After over a season of teasing, plotting, and pillaging, the Wildlings finally reach Castle Black. Instead of continuing to expand and explore the show’s many character arcs, the penultimate episode of season 4, “The Watchers on the Wall,” keeps the spotlight on the brothers of the Night’s Watch and their scruffy foes. This change in structure may annoy viewers who were counting on catching up with other notable players, especially after last week’s horrifying cliffhanger. However, director Neil Marshall (the man responsible for Season 2’s spectacular “Blackwater” episode) returns to deliver one of the most impressive action sequences in modern television. Yes, we are all dying to see what happens to Tyrion (Peter Dinklage), but the showrunners definitely provide us with some great stuff to chew on while we wait one final, agonizing week for the season finale.

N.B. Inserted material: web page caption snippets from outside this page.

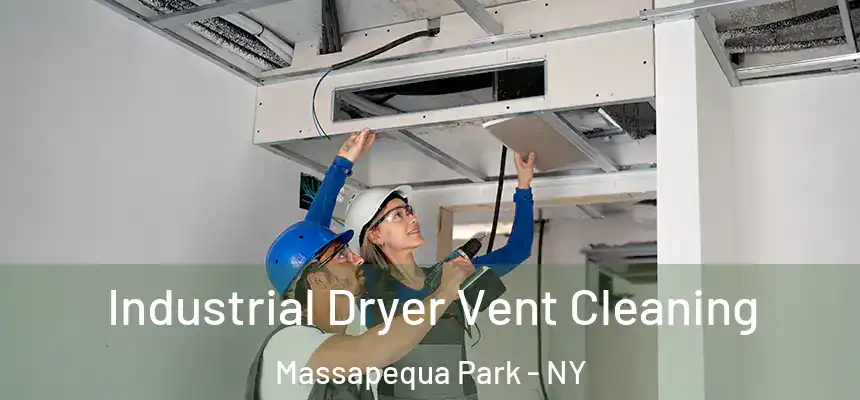 Industrial Dryer Vent Cleaning Massapequa Park - NY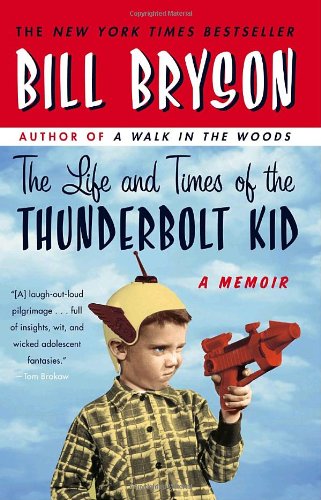 The Life and Times of the Thunderbolt Kid: A Memoir by Bill Bryson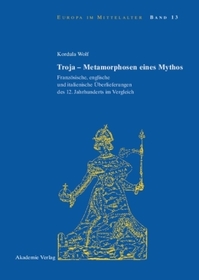 Troja - Metamorphosen eines Mythos: Französische, englische und italienische Überlieferungen des 12. Jahrhunderts im Vergleich
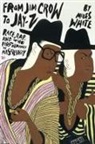 Miles White - From Jim Crow to Jay-Z
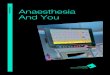 Anaesthesia - Anaesthesia & You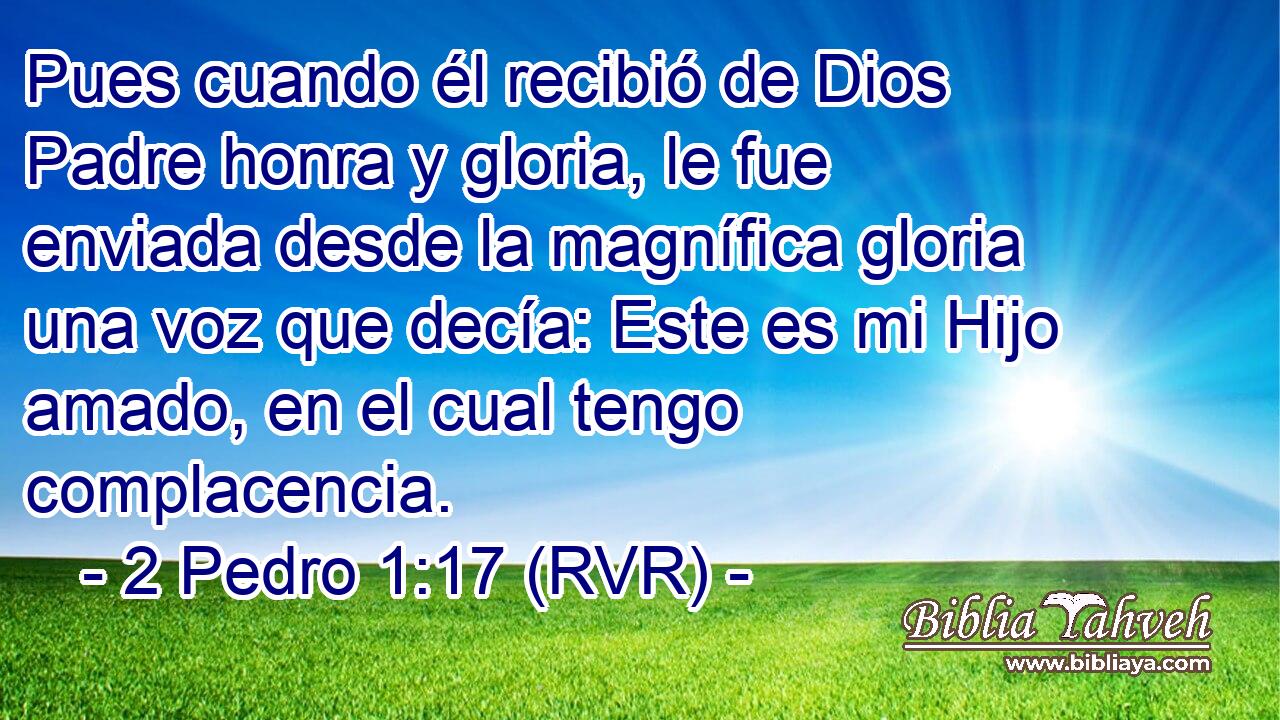 2 Pedro 1:17 (rvr) - Pues cuando él recibió de Dios Padre honra y...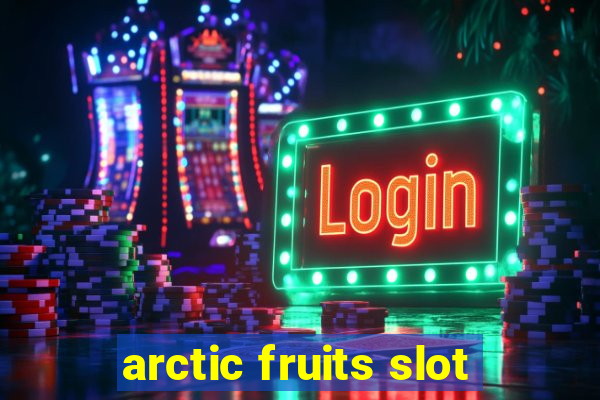 arctic fruits slot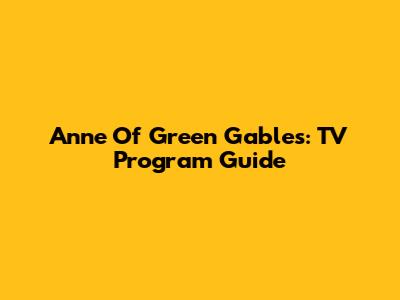 Anne Of Green Gables: TV Program Guide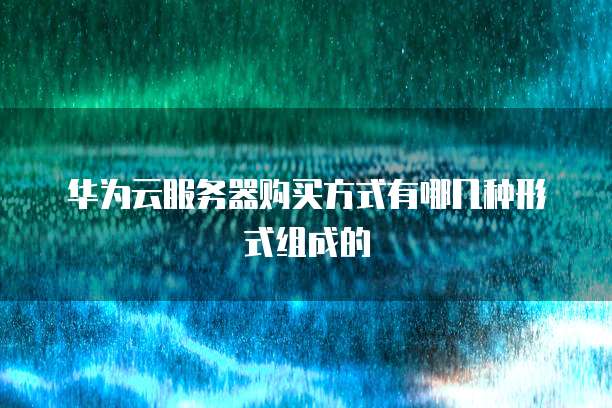 华为云服务器购买方式有哪几种形式组成的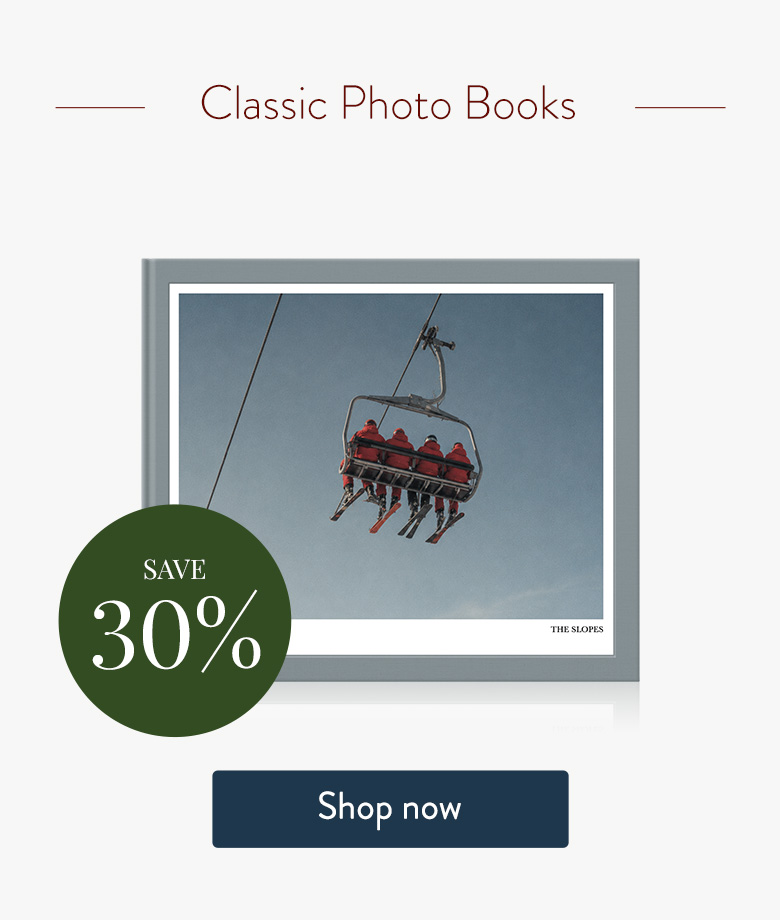 Save 30% on Classic Photo Books. Shop now.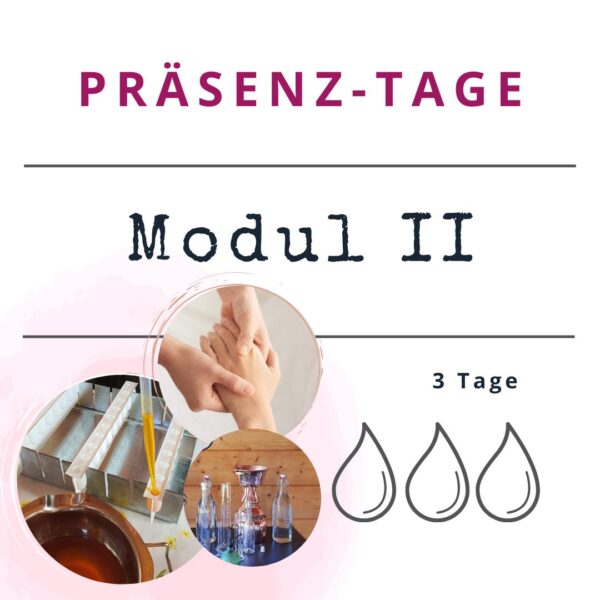Präsenztage - Aromatherapie Modul 2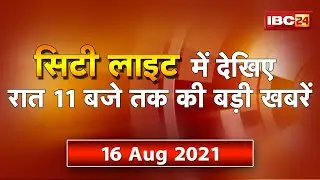 MP-CG Latest News Live। City Light | देखिए 11 बजे तक की दिनभर की बड़ी खबरें | 16 August 2021
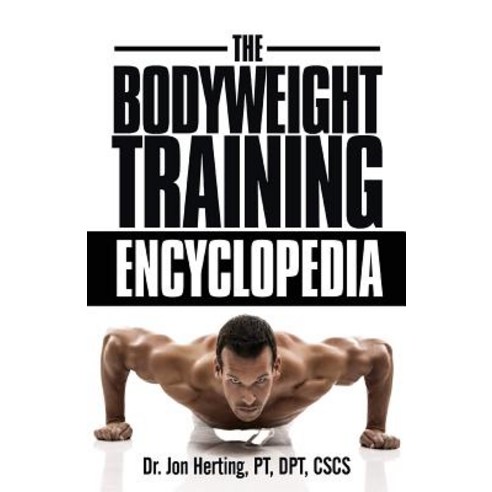 The Bodyweight Training Encyclopedia Paperback, Createspace Independent Publishing Platform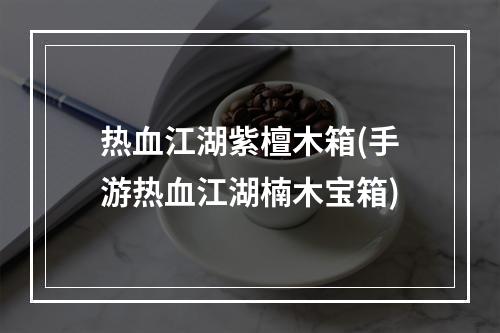 热血江湖紫檀木箱(手游热血江湖楠木宝箱)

For three seasons, Jon Snow (Kit Harington) has been presented to us as a quiet, brooding man with a burning desire to prove himself. Now, though, he has earned the respect of his peers and has become the bona-fide action hero of the Night’s Watch and, to some extent, the entire show. However, we’d be remiss if we didn’t mention Sam Tarly (John Bradley) and his growing role as someone who’s more than just the sidekick. Tarly finally has his own storyline and his own struggles, and it’s about damn time! He’s a prime example of a character who needed to come into his own, especially since his isolated act of heroism last season turned out to be a highlight of the series. Thankfully, there’s plenty of Sam Tarly in this week’s episode, suggesting that the show has finally decided to utilize his potential as a character. The gentle, kind, bookish Brother of the Watch has come quite a long way from the timid man we all knew from the first three seasons.
A handful of prominent supporting characters kick the bucket, the heartbroken Ygritte (Rose Leslie) and the crow-hungry Styr (Yuri Kolokolnikov) being the most notable players who meet their ends. Ygritte’s death hits closer to home, mainly because she has a slightly more legitimate motivation for indiscriminately murdering people than Styr does. But what really twists the knife is when a dying Ygritte gazes up into her former lover’s battered face and whispers, “You know nothing, Jon Snow.” Man, that’s heavy stuff!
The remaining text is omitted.